How have the Erewhonians arrived at all of these beliefs? Higgs concludes that their belief system is a result of gullibility -- they tend to put their faith in anybody who comes up with a convincing argument for whatever agenda he's trying to push. They don't analyze, question, or challenge; they just accept the status quo until somebody with a big mouth (but not necessarily a big brain) decides the status quo needs to be changed. In this way, one man who thinks killing animals is wrong convinces the people to become vegetarians; another man who likes meat convinces the people that killing plants is an even greater sin.
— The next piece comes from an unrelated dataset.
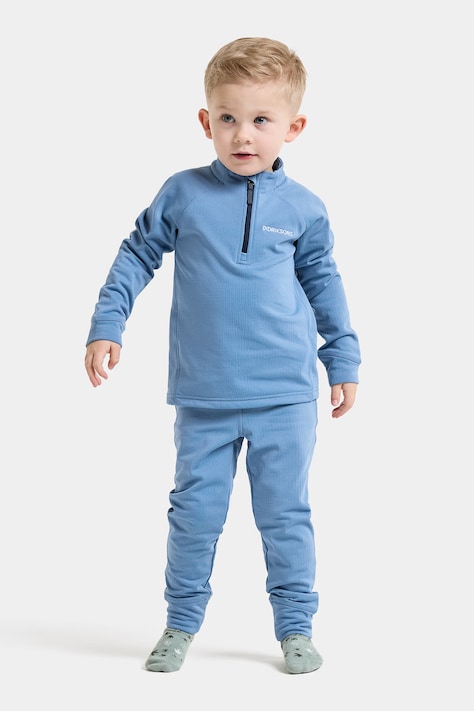 Didriksons Teplákový set dětský JADIS KIDS SET modrý 505006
This book has a lot of targets, some not all that obvious, but I think Butler was prophesying a world in which demagoguery takes the place of common sense and reason, a world through which he was satirizing organized religion, sentimental notions of familial sanctity, and the complacency of the Victorian middle class. I've also read "The Way of All Flesh," but I find "Erewhon" to be a better representative of Butler's skewering cynicism and sly humor.

A forgotten gem4
I felt honour-bound to review this Victorian English Book as it surely must have been an inspiration to later authors such as Kafka and Orwell. A 'gulliver-esque' tale is told wherein a traveller chances upon a strange world where the conventional rules of our society are turned upon their head - the ill are sent to prison and criminals are given pity & understanding. Despite the age of the book, it is not a difficult read, and is very underrated (or perhaps just overlooked?)